Joseph Sorota was working his shift at a GE factory in Lynn, Massachusetts, when he was called to the main office. “There was a man I never met who asked me what I did on the way home, did I have a girlfriend, did I have a drink at a bar,” Sorota told GE Reports. “When he identified himself as a man from the FBI, I almost died. I didn’t do anything wrong, but I thought he was there maybe to arrest me.”

It was 1941, World War II was raging in Europe, and Sorota, an engineering student at Northeastern University from a family of Ukrainian immigrants, had only recently signed up with GE.

But the man didn’t come to lock him up. He led Sorota to a small building with a tall brick smokestack and told him: “This is where you’re going to work.” The reason for Sorota’s abrupt job change? A mystery cargo that recently arrived packed in a wooden crate from the United Kingdom.

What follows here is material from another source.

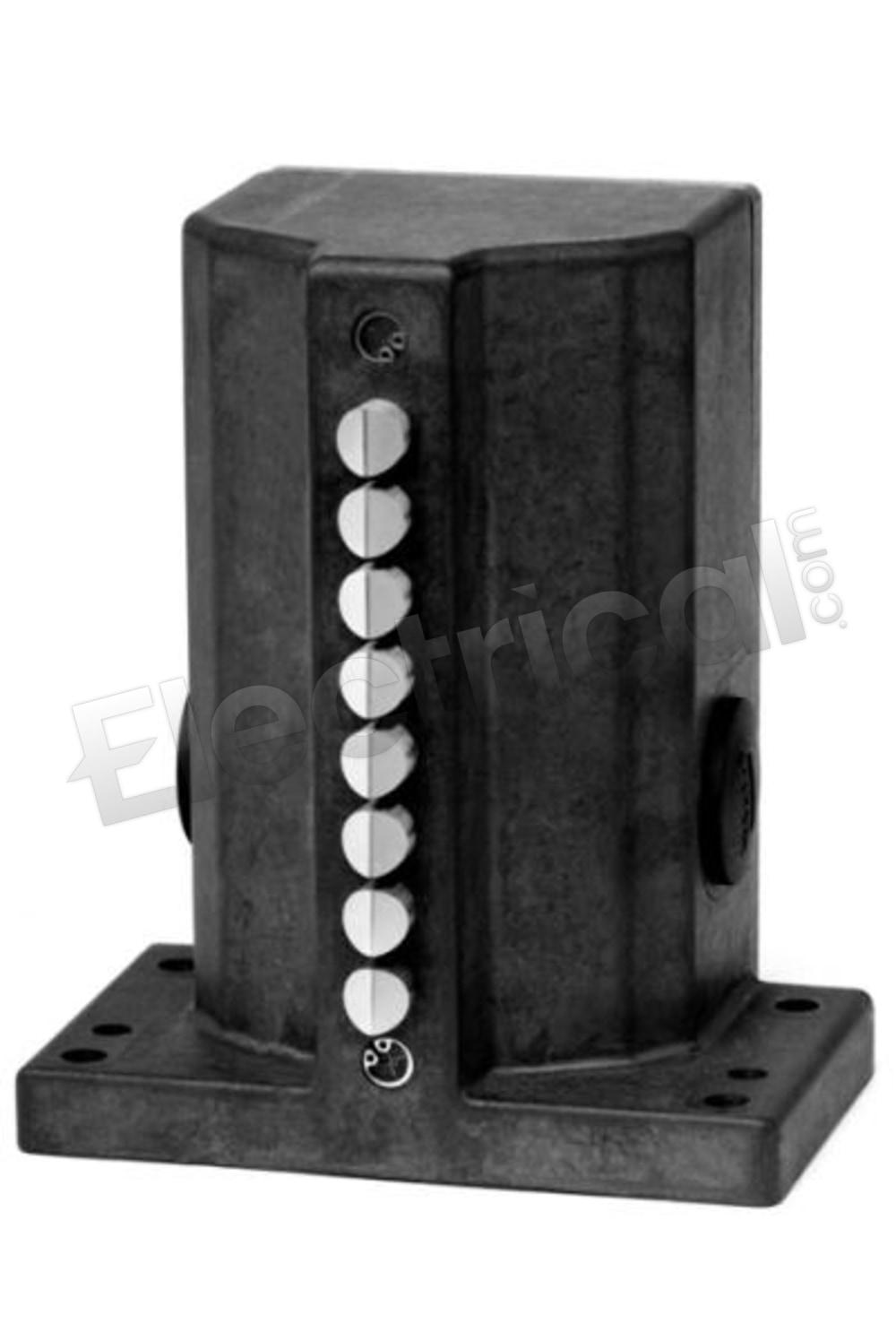 RGBF02D12-502-M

The crate held a British jet engine, known as the Whittle engine after its designer, Royal Air Force officer Frank Whittle. The U.S. government selected GE to redesign it and make it ready for service. Sorota, now called employee No. 5, was selected to be part of the small team, nicknamed the “Hush-Hush Boys,” to do it.  “The FBI man warned me that if I gave away any secrets, the penalty was death,” Sorota said.

Five months after they started, the Hush-Hush Boys wheeled their prototype inside a concrete bunker attached to the small building, nicknamed “Fort Knox,” for a test. The cell opened into an old brick smokestack to channel exhaust and mask the tests. The first firing of the engine, which eventually led to the first jet engine built in the United States, took place exactly 80 years ago today. The engine, called I-A, is now part of the Smithsonian collection in Washington, D.C.

I-A jet engine team

Some of the Hush-Hush Boys with the I-A jet engine that Sorota helped develop. It was the first jet engine built in the United States. Image credit: Museum of Innovation and Science Schenectady

Whittle believed that his turbojet engine design could transform both air travel and aerial combat. The Royal Air Force had sent him to the U.S. to team up with engineers at GE to pursue the second goal.

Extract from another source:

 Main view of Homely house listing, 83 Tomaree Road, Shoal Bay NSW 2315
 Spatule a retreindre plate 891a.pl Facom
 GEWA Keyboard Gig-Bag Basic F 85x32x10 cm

As it turned out, Whittle’s outsized confidence would be fully justified. The partnership resulted not only in the first American jet engine, but it also energized GE’s aviation division. According to current company statistics, every two seconds an aircraft powered by its technology takes off somewhere in the world. That translates to more than 2,200 planes aloft at any given moment, each carrying as many as 500 passengers. Whittle was knighted for his effort.

GE Aviation is far from finished. Its engineers are working on the next generation of commercial and military engines that will help define the future of flight.

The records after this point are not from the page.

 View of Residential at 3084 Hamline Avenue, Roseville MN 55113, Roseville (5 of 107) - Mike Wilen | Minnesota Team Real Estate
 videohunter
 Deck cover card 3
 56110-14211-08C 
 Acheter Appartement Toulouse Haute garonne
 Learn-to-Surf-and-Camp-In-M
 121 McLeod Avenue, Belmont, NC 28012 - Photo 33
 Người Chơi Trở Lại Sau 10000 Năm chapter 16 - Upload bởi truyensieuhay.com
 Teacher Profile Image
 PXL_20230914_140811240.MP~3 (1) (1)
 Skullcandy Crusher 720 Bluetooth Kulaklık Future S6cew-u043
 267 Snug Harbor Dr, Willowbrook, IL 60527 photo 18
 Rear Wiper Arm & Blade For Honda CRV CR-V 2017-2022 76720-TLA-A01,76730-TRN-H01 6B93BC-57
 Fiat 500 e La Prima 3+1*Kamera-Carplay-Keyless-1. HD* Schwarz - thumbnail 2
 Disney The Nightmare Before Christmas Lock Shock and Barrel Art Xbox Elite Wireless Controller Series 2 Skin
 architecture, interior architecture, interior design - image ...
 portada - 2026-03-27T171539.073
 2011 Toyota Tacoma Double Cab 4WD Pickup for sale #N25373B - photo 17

Earlier this year, Airbus and CFM International — a 50/50 joint company between GE and Safran Aircraft Engines — announced that they’ll collaborate on tests of a GE aircraft engine fueled by liquid hydrogen. Around the mid-2020s, the team plans to mount the engine on a modified Airbus 380 for flight testing, with the goal of placing a hydrogen-powered passenger plane into service about 10 years later. Such a plane would produce zero CO2 emissions during flight.

An artist’s rendering of hydrogen fuel being burned in the combustor of a jet engine. Above: a deconstructed Passport engine like the one that engineers will be modifying for hydrogen combustion testing.

CFM is also part of the Revolutionary Innovation for Sustainable Engines (RISE) Program to demonstrate advanced technologies for the next generation of engines that will use 20% less fuel and produce 20% fewer CO2 emissions than the most efficient jet engines built today.

GE Aviation is also working with NASA on hybrid electric flight.

Back at Lynn, a major hub for military jet engine production, things are also speeding ahead. Workers there recently completed the first test of a new engine for the Army’s enormous fleet of Black Hawk and Apache helicopters. The engine, called the T901, was also selected to power the Army’s Future Attack Reconnaissance Aircraft (FARA). The T901 incorporates the latest in materials and manufacturing technology, along with health monitoring sensors and algorithms that help predict maintenance.

T901 in a Lynn, Mass. test cell

The T901 in a Lynn, Mass., test cell. The engine is equipped with more than 700 sensors to capture engine performance data.

That first test was the beginning of a rigorous, years-long test campaign for the T901 — a significant portion of which will take place just a few hundred yards away from the small concrete building where Joseph Sorota and the Hush-Hush Boys made aviation history eight decades ago.

That building isn’t testing engines any longer, but it serves as an ever-present reminder of the heroic efforts GE employees have made in service of the U.S. military and to connect the world by flight. A plaque on the outside reads, “Test Site of America’s First Turbojet Engine. April 18, 1942.”

The defunct, brick smokestack that points out of that building and into the Lynn sky is a memento of the past, but its shadow also points to an exciting future.